What is the nullity and geometric description of the kernel and range of T?

[trojansc82]

Homework Statement

Use the given information to find the nullity of T and give a geometric description of the kernel and range of T.

T is the projection onto the vector v = (1,2,2):

T(x,y,z) = (x + 2y + 2z)/9 (1,2,2)

Homework Equations

Kernel of T = T(v) = 0.

Nullity of T = dimension of the kernel of T

The Attempt at a Solution

I created an augmented matrix that looks like this:

[ 1/9 2/9 2/9 | 1
2/9 4/9 4/9 | 2
2/9 4/9 4/9 | 2 ]

Row reducing I get just one vector because the other two are a scalar.

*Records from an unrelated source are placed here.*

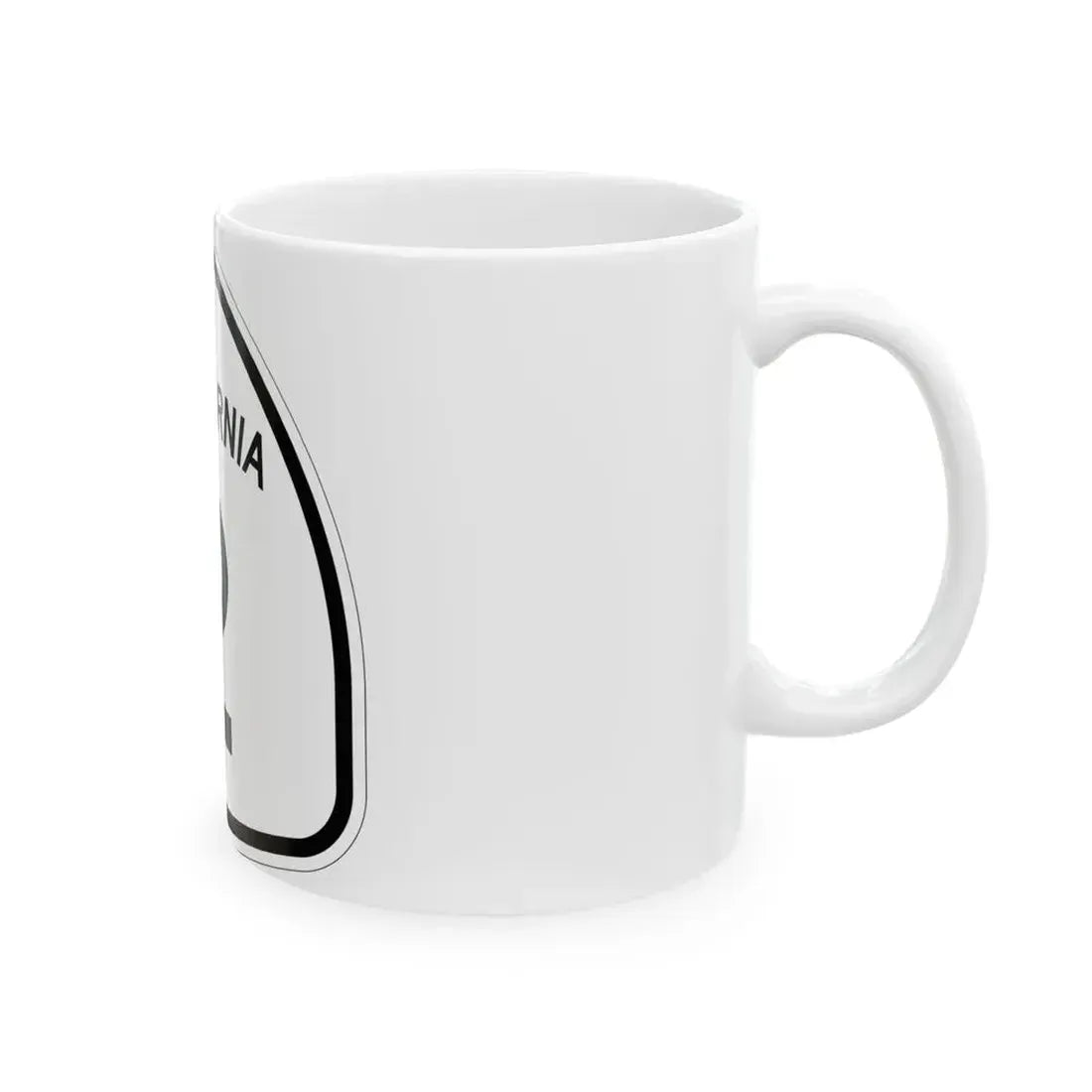 California 2 1957 (California) (Road Sign) White Coffee Mug - Go Mug Yourself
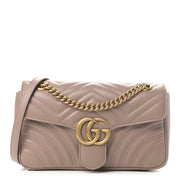Pre-Owned GUCCI GG Marmont Matelassé Leather Mini Bag - Nude
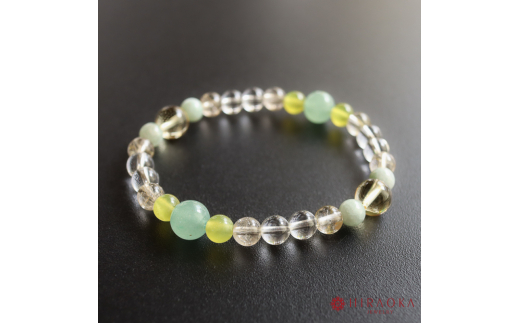 幸福の最大化へ！運気アップの大開運パワーストーンブレスレット(開運04)･6mm玉 (19.2cm) 19.2cm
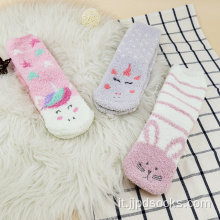 2022 Vendita calda Cute Microfiber Kids Socks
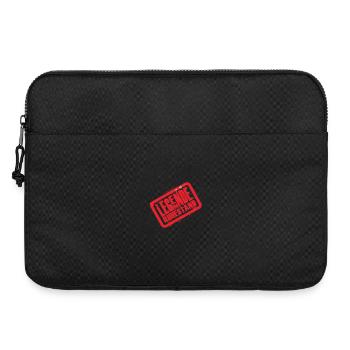Verstellbares Liegendes Legenden-Design Rentner - Laptoptasche 15" - Schwarz - Vorne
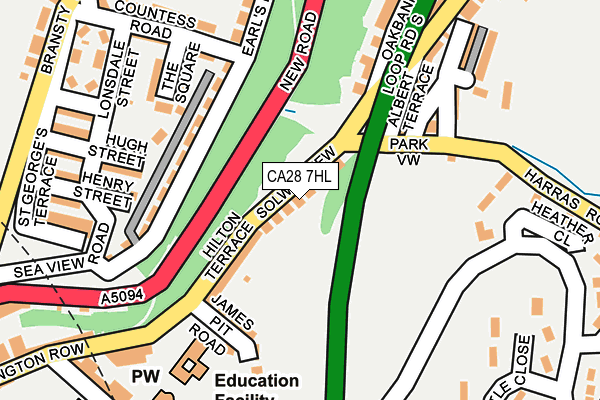 CA28 7HL map - OS OpenMap – Local (Ordnance Survey)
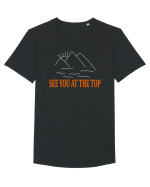 See you at the top Tricou mânecă scurtă guler larg Bărbat Skater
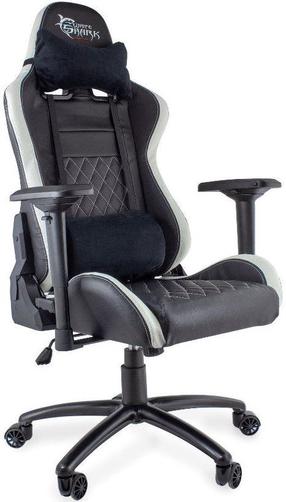 Игровой стул WhiteShark Nitro GT Y-2625, белый цв./черный цв.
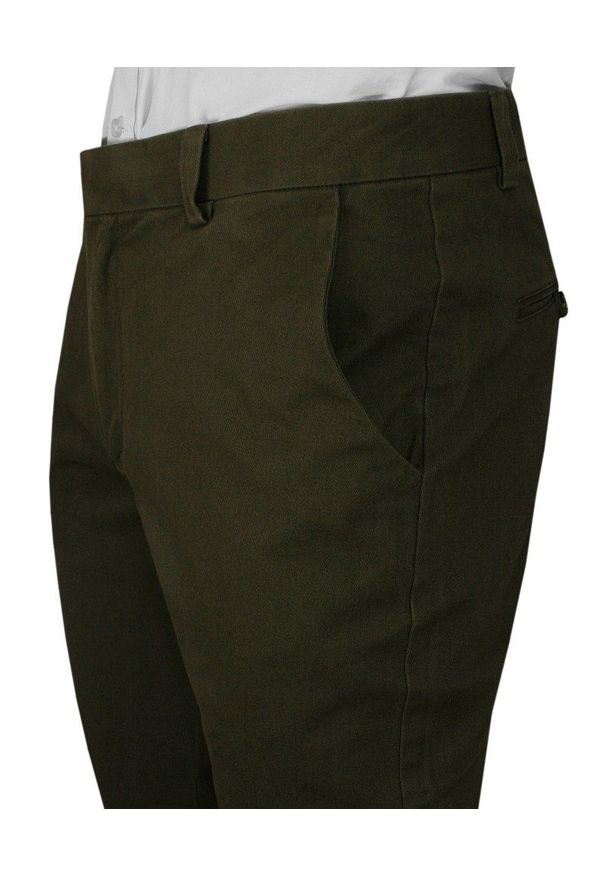 Zielone spodnie Chiao eleganckie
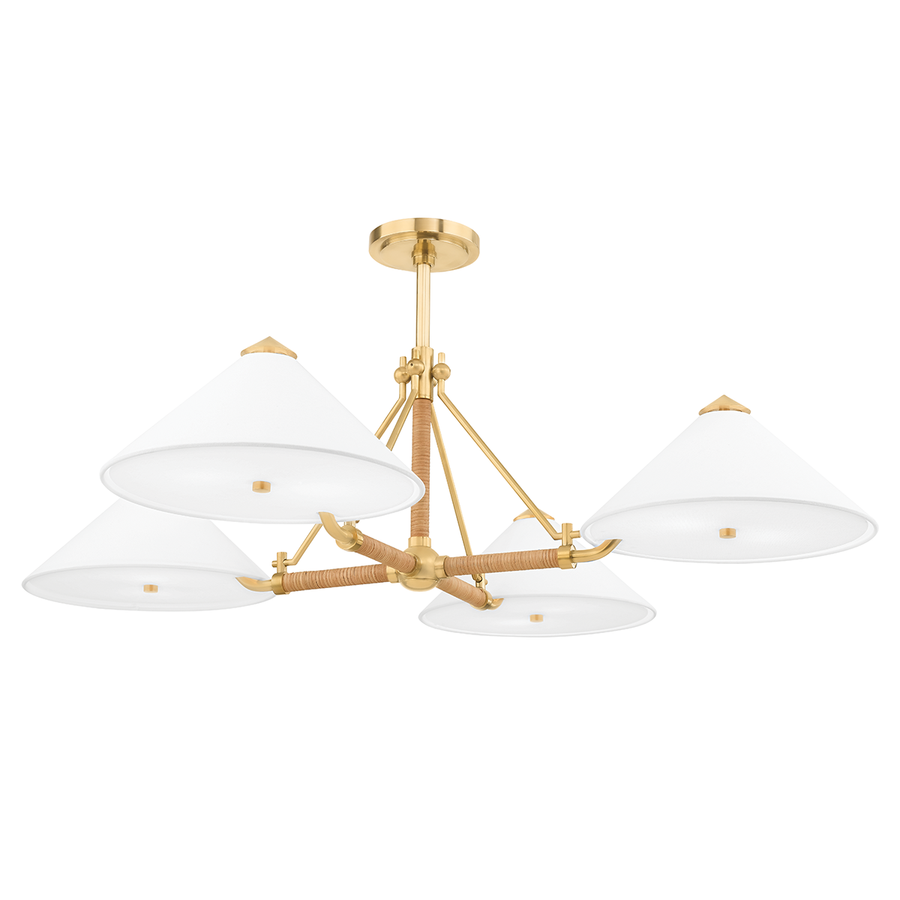 Williamsburg 8 Light Chandelier Aged Brass-Hudson Valley-HVL-1046-AGB-Chandeliers-1-France and Son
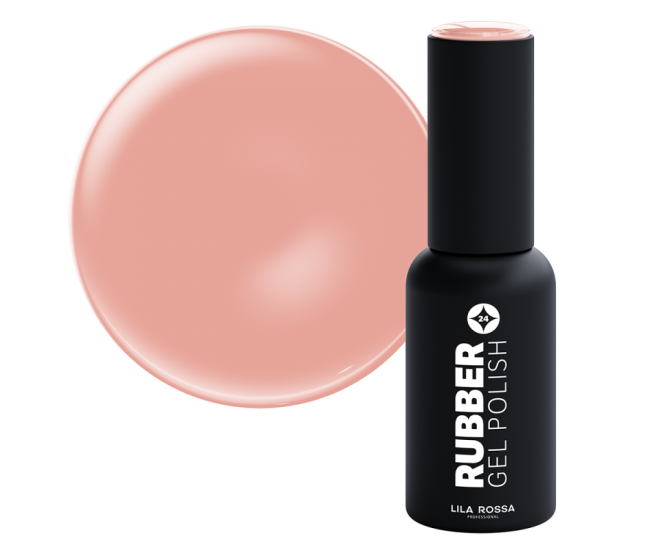 Oja semipermanenta, Lila Rossa, Rubber, 024 soft cappuccino lucios, 7 ml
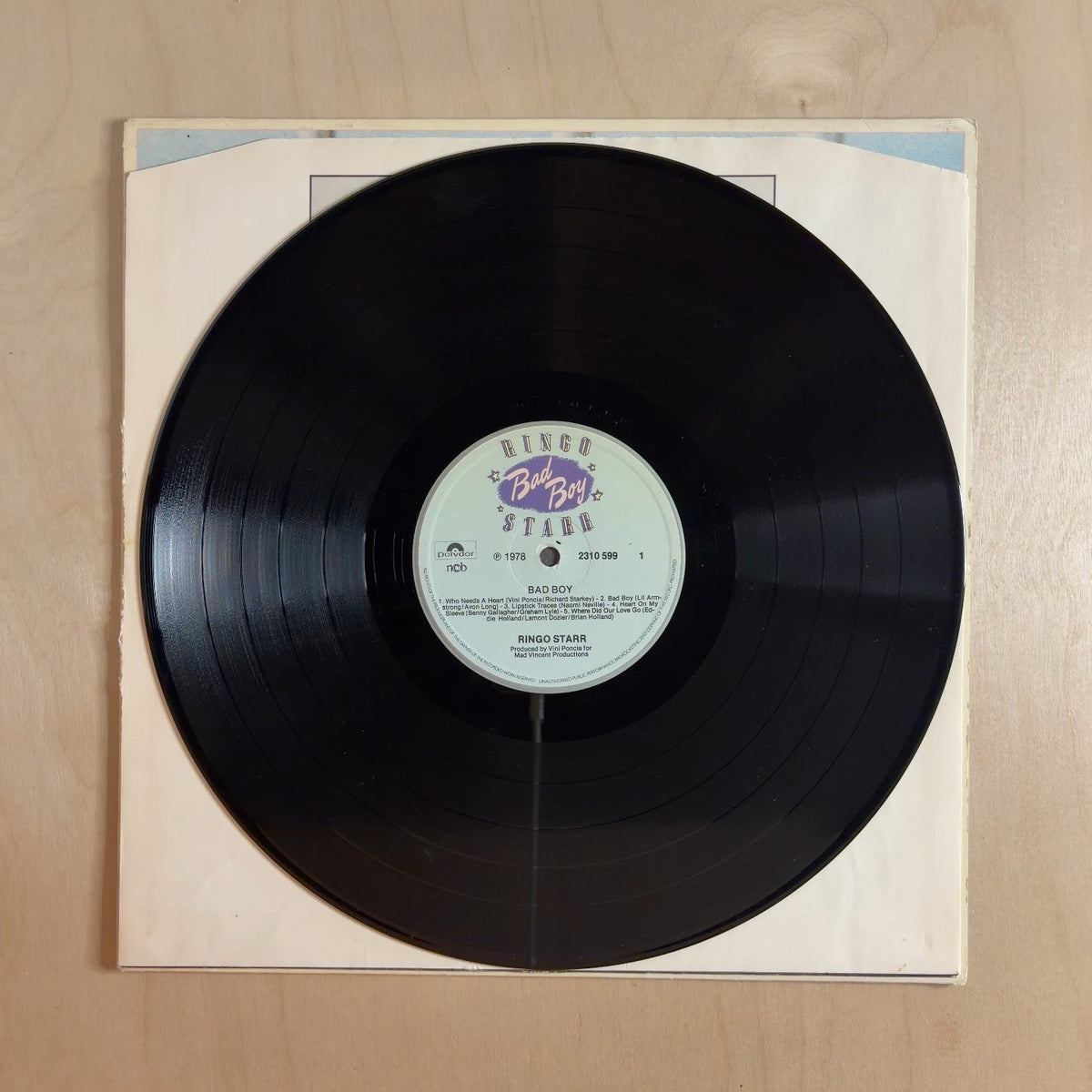 Ringo Starr – Bad Boy – record label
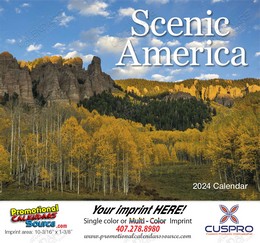 Scenic America Promotional Calendar  - Stapled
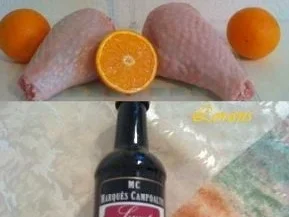 Putenkeule  in Málaga Orangen Sause - Rezept - Bild Nr. 2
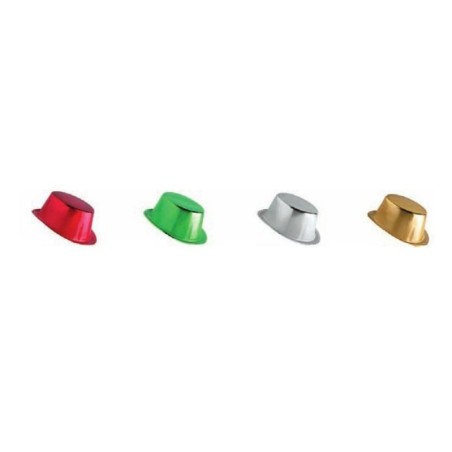 sombrero chistera metalizada plastico barata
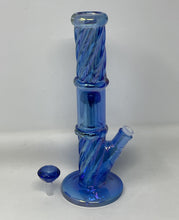 Dazzling Thick Twisted 12.5" Straight Water Pipe 8 arm tree percolator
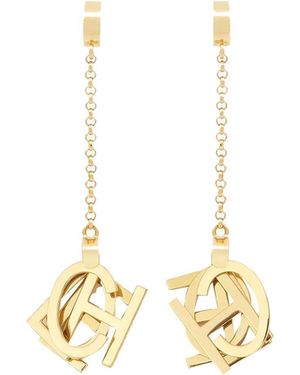 Chloé And Letters Earrings - Metallic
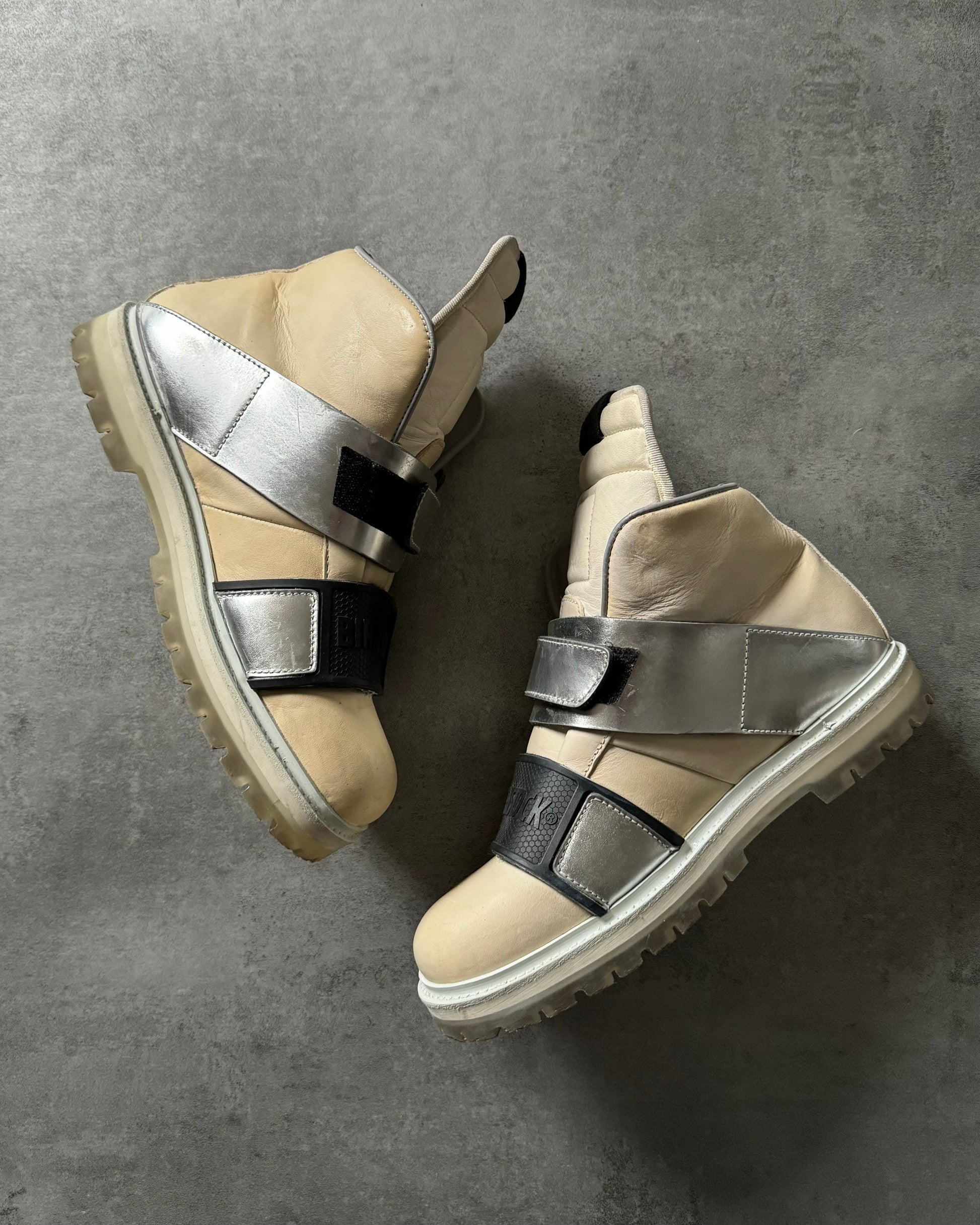 SS2019 Rick Owens x Birkenstock Rotterhicker Beige Boots (42) - 2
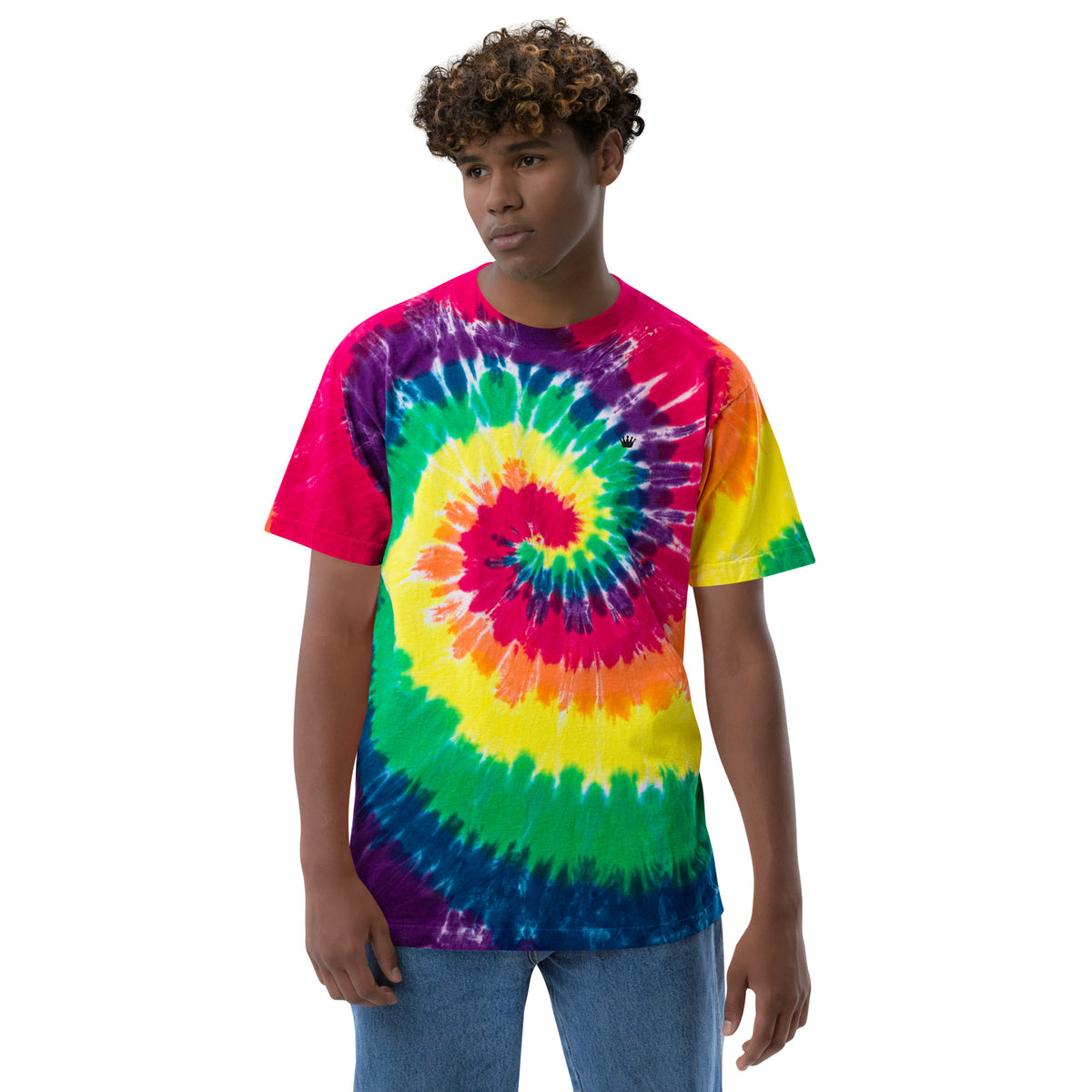 Oversized T-Shirt – Batik Classic Rainbow – Produktansicht 2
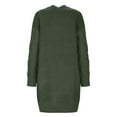 thumbnail image 4 of Juebong Womens Long Cardigan Sweaters Chunky Knit Open Front Long Sleeve Casual Duster Fall Winter Coat Jackets with Pockets Army Green,XXL, 4 of 6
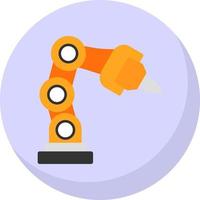 Robotic Arm Vector Icon Design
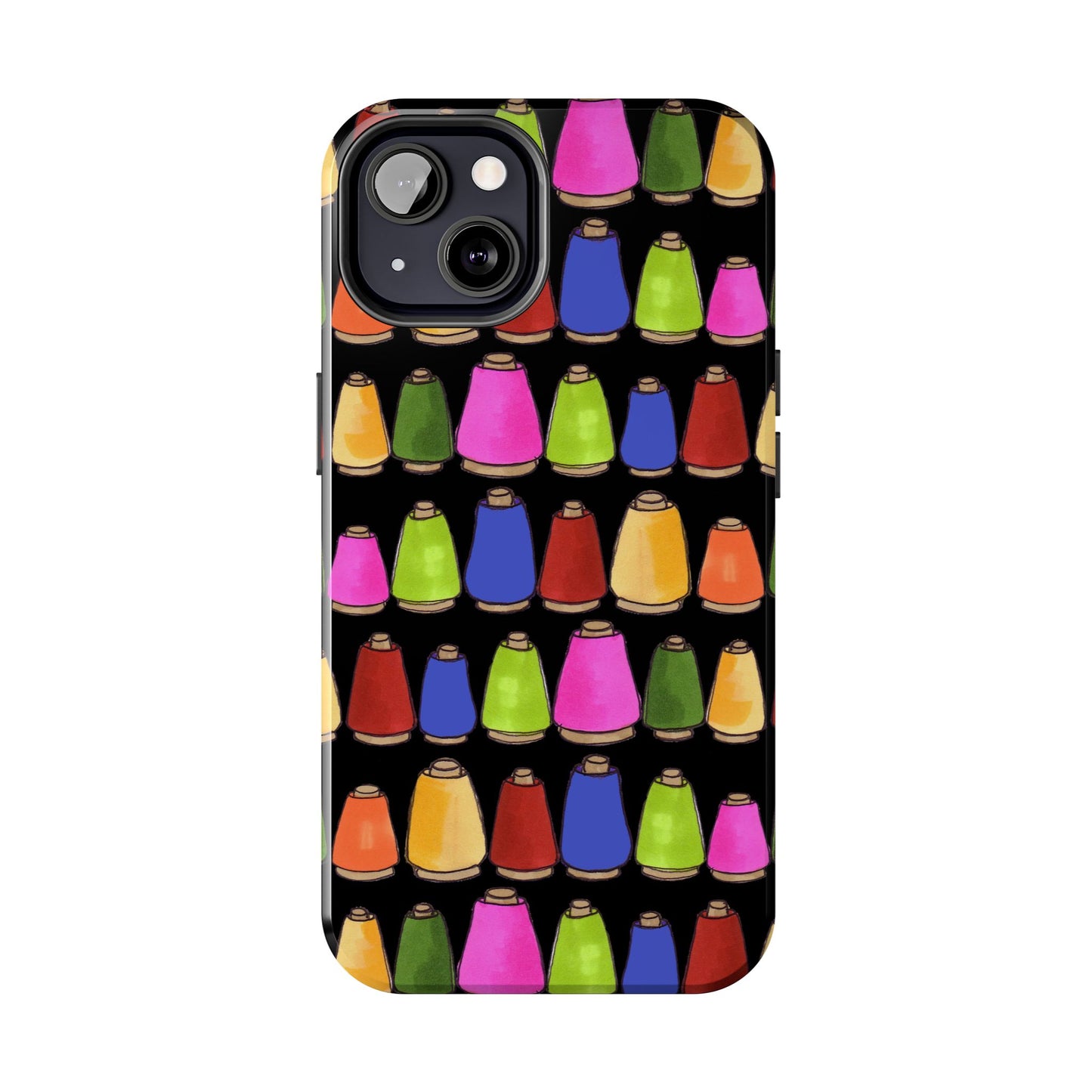 Coneiferous Black / Multi Phone Case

However, the answer in the book says the nullity is 2, so I am off.

 

[HallsofIvy]

You are overworking this. Given a vector z, any vector v can be written as au+ bz, where u is perpendicular to z, so that T(v)= bz. In particular, the range of T is the subspace spanned by z and the kernel is the orthogonal complement to that. Here, the range is the one-dimensional subspace spanned by <1, 2, 2>. It's orthogonal complement, the kernel, is the two dimensional space of all vectors <x, y, z> such that <x, y, z>.<1, 2, 2>= x+ 2y+ 2z= 0. x= -2y- 2z so <x, y, z>= <-2y- 2z, y, z>= <-2y, y, 0>+ <-2z, 0, z>= y<-2, 1, 0>+ z<-2, 0, 1> so the kernel has basis {<-2, 1, 0>, <-2, 0, 1>}.